Craft Beer’s Looming Crisis, by Lew Bryson (Daily Beast)
Here's the good news/bad news pivot, one that reinforces the point that brewers with a strong community presence and local roots have an advantage or two, but trust me, you'll want to click through and read the whole essay:
... As consumers become increasingly interested in locally-made products, there has been a rise in beer bought in brewery tasting rooms, which is much more profitable for a brand considering it cuts out several middlemen from the transaction.
So much beer is purchased there, in fact, that some people think category sales are significantly under-reported by retail sales-tracking services like IRI or Nielsen, which rely on register data from large store chains.
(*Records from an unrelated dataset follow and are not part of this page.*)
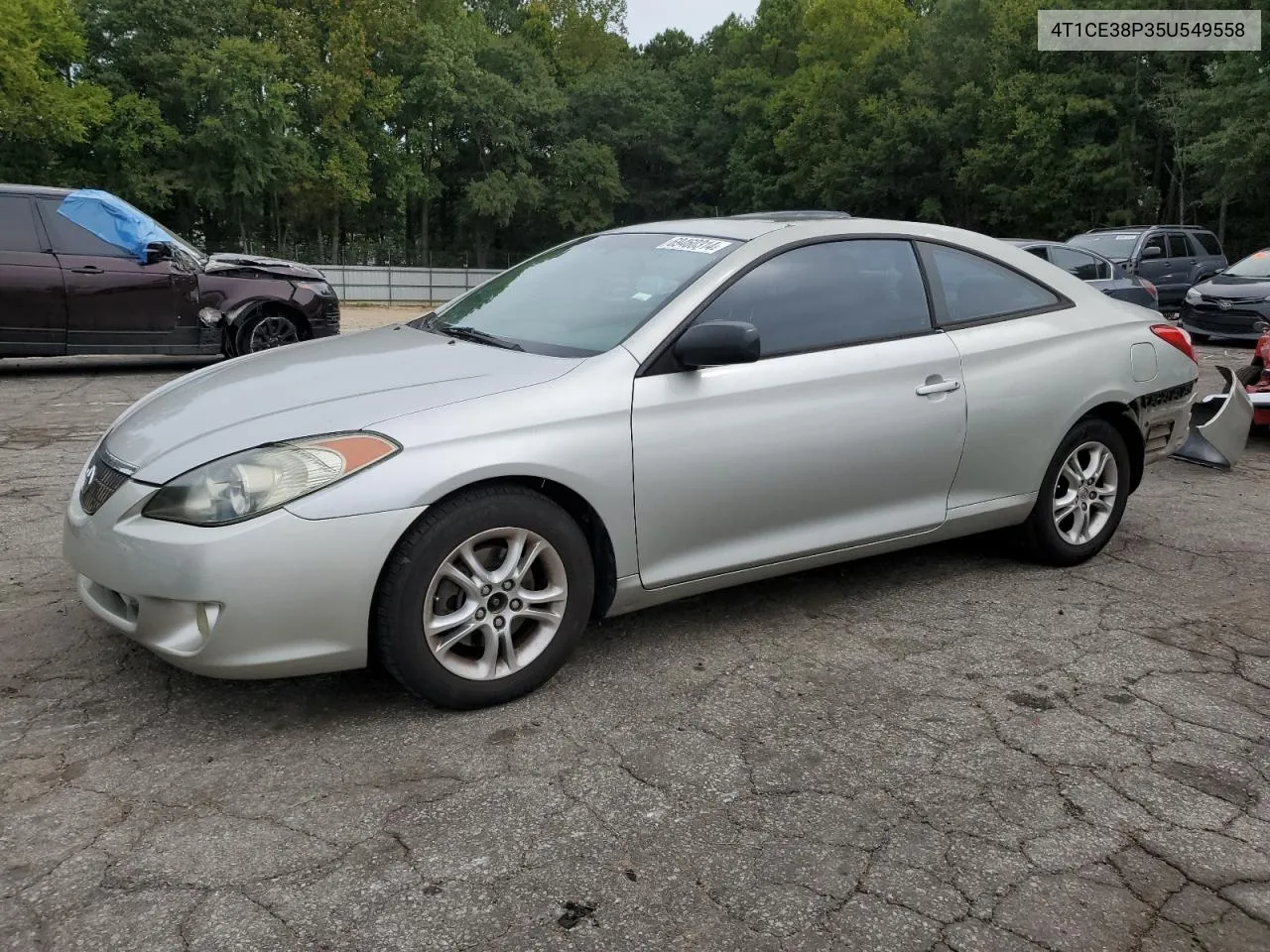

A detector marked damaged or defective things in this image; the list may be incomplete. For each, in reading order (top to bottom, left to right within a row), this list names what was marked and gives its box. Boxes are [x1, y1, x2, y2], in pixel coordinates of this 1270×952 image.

damaged dark car [0, 186, 337, 361]
wrecked vehicle [0, 186, 339, 361]
cracked asphalt [2, 337, 1270, 952]
wrecked vehicle [69, 214, 1222, 706]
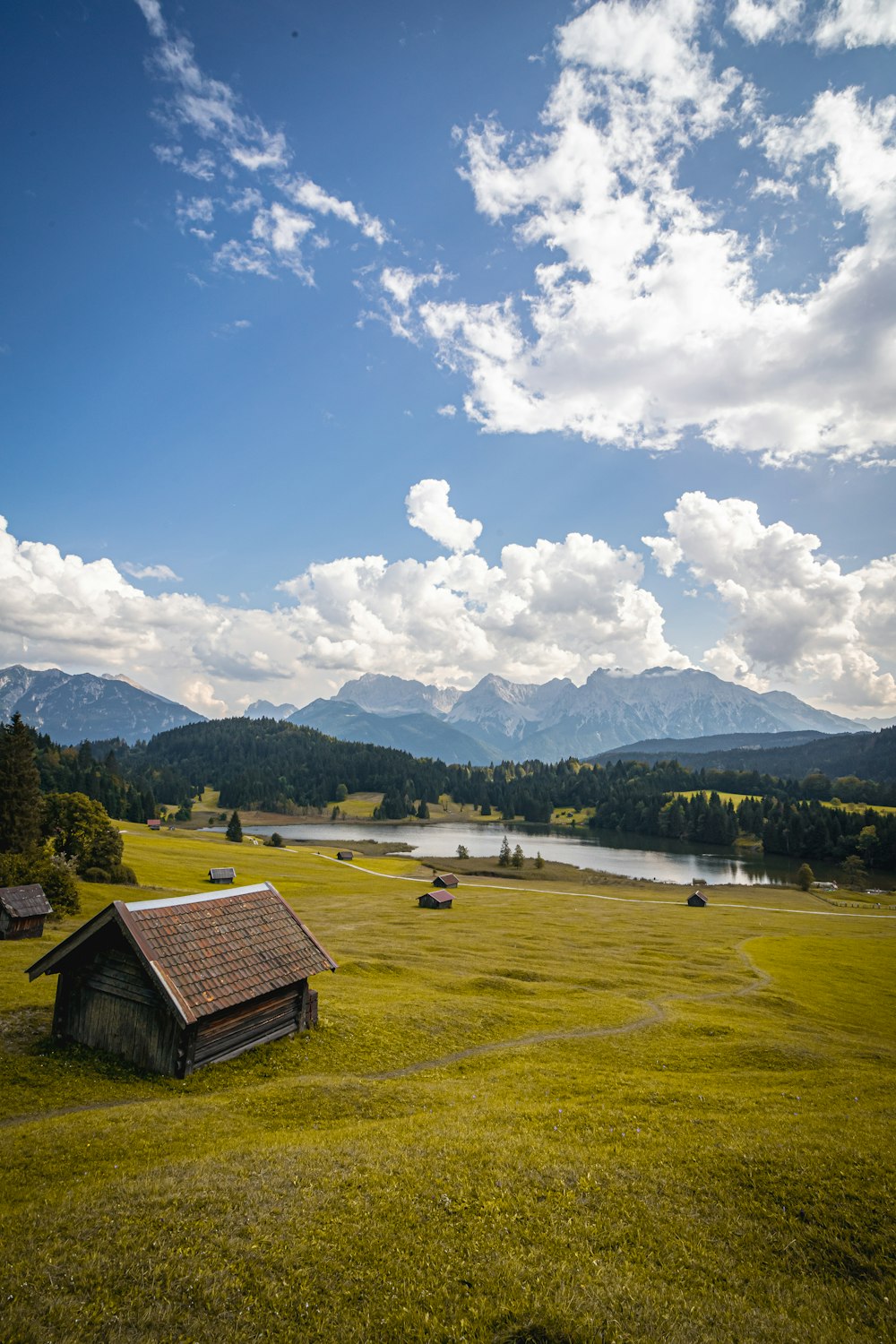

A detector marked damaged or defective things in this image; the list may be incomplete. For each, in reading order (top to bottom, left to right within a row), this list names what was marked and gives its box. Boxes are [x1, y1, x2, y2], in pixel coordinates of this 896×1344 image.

rusty roof [0, 889, 52, 925]
rusty roof [29, 889, 337, 1025]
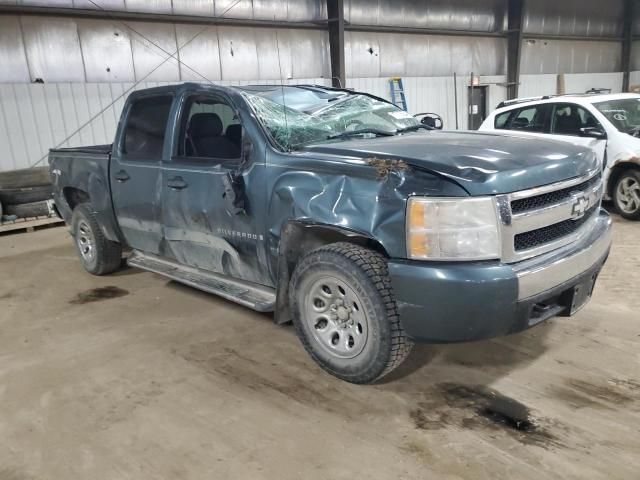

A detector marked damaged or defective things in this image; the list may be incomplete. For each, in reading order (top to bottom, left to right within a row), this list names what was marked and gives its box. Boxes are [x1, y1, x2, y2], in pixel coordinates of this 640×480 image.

shattered windshield [240, 85, 420, 151]
shattered windshield [592, 97, 640, 134]
crumpled hood [302, 130, 596, 194]
damaged pickup truck [48, 82, 608, 382]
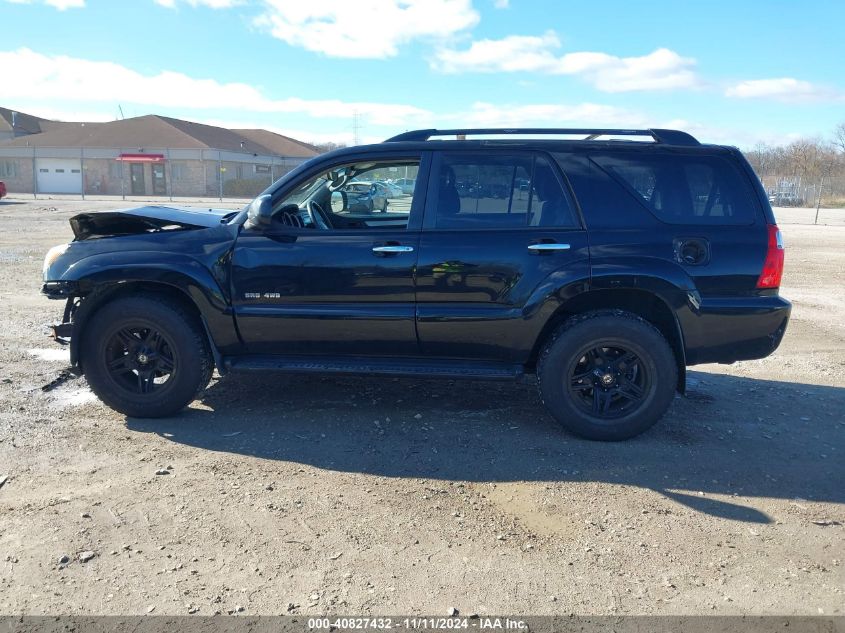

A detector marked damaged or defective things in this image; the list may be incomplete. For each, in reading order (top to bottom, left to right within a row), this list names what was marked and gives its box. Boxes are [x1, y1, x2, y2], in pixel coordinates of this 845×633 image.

crumpled hood [69, 205, 232, 239]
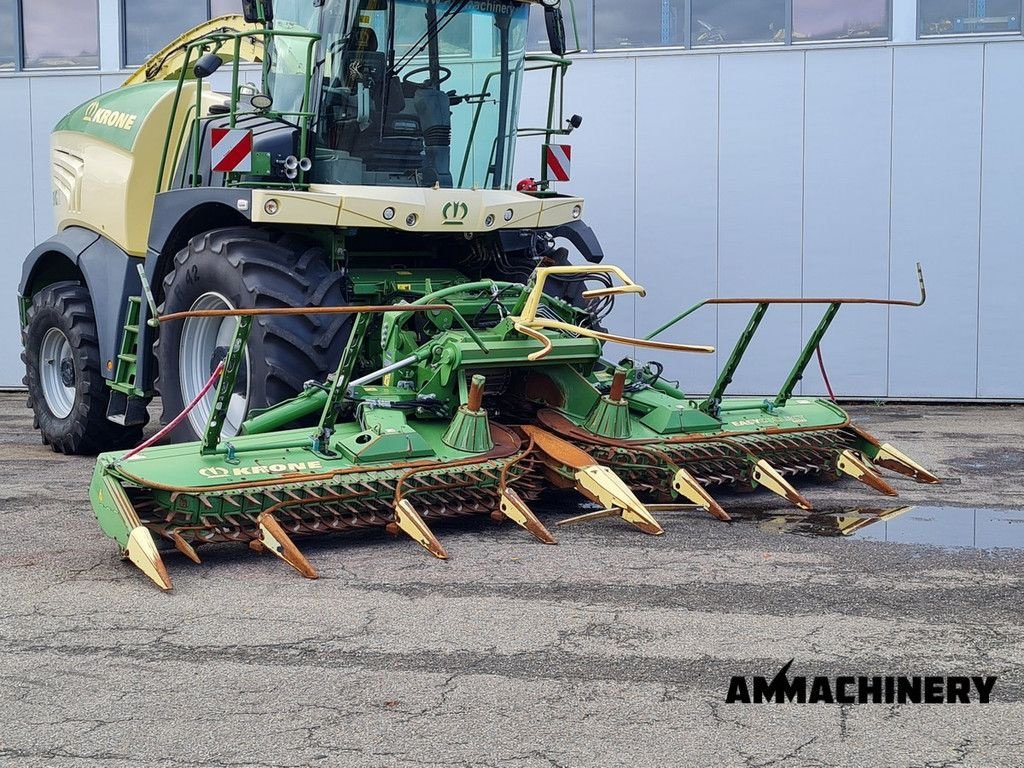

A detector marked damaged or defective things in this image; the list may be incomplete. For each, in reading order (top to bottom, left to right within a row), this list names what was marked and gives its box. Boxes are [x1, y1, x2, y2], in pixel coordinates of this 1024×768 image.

Industry consultant David “Bump” Williams, who once ran IRI’s beer data division, thinks the amount is significant. He estimates that 20 percent or more of total craft beer sales go unreported. (He also points out that for some small breweries, meaning those that produce less than 20,000 barrels a year, direct sales are the only way their brews are available.) It’s a rapidly growing phenomenon, and one that could very well account for a percentage of the disappearing growth rate.
But even if one figures in direct brewery sales, the recent meteoric rise of craft beers can’t go on forever. If sales of the category continued at 2015’s rate of 12.8 percent, the entire U.S. beer market would be, well, completely craft in 17 years. That’s simply not going to happen.